Task instructions: Beneath this line are the data; copy exactly the part of them that opens with the line containing "Mỹ Tâm xúc động" and closes with the line containing "البرهان يجدد التعهد", and only that part.

Data for this exercise:
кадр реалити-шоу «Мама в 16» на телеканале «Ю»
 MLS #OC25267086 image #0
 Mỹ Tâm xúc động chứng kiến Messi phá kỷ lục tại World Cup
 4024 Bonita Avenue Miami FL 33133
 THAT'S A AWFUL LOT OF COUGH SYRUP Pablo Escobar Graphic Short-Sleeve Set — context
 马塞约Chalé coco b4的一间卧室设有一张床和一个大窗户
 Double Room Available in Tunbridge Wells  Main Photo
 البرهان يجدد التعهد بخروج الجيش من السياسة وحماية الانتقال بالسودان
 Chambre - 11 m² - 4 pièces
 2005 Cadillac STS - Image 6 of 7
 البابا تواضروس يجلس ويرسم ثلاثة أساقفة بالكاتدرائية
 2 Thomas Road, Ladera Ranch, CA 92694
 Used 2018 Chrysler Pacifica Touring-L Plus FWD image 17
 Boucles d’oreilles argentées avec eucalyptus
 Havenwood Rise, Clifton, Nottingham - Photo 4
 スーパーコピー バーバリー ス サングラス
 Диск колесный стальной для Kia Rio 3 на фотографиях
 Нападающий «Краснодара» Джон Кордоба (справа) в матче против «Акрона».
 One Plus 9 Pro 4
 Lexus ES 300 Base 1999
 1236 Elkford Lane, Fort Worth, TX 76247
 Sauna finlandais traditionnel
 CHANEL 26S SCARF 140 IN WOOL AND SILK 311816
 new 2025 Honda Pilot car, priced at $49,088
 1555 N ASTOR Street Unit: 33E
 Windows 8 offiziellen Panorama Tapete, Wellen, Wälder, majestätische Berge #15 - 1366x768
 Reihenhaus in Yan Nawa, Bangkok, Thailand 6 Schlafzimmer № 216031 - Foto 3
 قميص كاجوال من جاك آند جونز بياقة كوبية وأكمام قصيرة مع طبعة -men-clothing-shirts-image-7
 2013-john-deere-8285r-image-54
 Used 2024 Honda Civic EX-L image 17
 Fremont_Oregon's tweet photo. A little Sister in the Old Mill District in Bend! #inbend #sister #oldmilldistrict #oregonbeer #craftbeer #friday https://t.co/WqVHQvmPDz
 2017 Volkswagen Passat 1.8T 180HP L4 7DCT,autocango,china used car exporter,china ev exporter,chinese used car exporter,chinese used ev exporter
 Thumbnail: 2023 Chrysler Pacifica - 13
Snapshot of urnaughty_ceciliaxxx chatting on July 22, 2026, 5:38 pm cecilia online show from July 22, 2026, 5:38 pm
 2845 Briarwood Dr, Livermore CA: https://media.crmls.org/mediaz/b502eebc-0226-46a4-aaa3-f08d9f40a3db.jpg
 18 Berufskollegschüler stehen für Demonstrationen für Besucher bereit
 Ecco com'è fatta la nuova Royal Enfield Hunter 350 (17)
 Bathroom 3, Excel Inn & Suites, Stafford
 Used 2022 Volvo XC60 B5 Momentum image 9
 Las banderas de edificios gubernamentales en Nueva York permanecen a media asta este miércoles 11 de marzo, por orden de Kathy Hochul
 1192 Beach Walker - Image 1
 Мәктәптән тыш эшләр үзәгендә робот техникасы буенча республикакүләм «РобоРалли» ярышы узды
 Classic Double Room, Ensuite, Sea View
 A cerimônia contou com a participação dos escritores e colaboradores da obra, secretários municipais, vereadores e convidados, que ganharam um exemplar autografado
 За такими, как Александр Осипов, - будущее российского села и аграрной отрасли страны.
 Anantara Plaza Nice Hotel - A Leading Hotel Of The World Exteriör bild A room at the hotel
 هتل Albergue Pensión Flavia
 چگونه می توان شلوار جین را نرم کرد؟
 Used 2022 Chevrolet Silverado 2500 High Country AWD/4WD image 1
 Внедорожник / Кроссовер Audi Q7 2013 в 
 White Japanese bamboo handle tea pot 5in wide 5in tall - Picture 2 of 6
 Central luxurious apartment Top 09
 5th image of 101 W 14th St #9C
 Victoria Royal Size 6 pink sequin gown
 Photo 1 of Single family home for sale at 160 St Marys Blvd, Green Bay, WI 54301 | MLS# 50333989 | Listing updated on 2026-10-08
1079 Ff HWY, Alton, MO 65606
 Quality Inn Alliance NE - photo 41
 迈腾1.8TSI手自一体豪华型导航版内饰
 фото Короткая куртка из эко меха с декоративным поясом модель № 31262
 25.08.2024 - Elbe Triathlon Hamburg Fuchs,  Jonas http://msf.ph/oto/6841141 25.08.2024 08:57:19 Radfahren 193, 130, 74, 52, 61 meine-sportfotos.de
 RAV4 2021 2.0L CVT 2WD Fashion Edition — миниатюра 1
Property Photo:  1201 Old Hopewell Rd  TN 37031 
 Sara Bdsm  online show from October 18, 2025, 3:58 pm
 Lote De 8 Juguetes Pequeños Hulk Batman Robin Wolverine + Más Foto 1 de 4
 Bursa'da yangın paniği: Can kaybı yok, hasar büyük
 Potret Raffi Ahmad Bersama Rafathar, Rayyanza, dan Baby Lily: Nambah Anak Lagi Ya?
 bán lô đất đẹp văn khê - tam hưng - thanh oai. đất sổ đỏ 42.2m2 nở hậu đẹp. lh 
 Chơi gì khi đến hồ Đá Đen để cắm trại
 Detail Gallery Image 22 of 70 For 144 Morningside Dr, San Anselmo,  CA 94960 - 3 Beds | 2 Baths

Task answer:
 Mỹ Tâm xúc động chứng kiến Messi phá kỷ lục tại World Cup
 4024 Bonita Avenue Miami FL 33133
 THAT'S A AWFUL LOT OF COUGH SYRUP Pablo Escobar Graphic Short-Sleeve Set — context
 马塞约Chalé coco b4的一间卧室设有一张床和一个大窗户
 Double Room Available in Tunbridge Wells  Main Photo
 البرهان يجدد التعهد بخروج الجيش من السياسة وحماية الانتقال بالسودان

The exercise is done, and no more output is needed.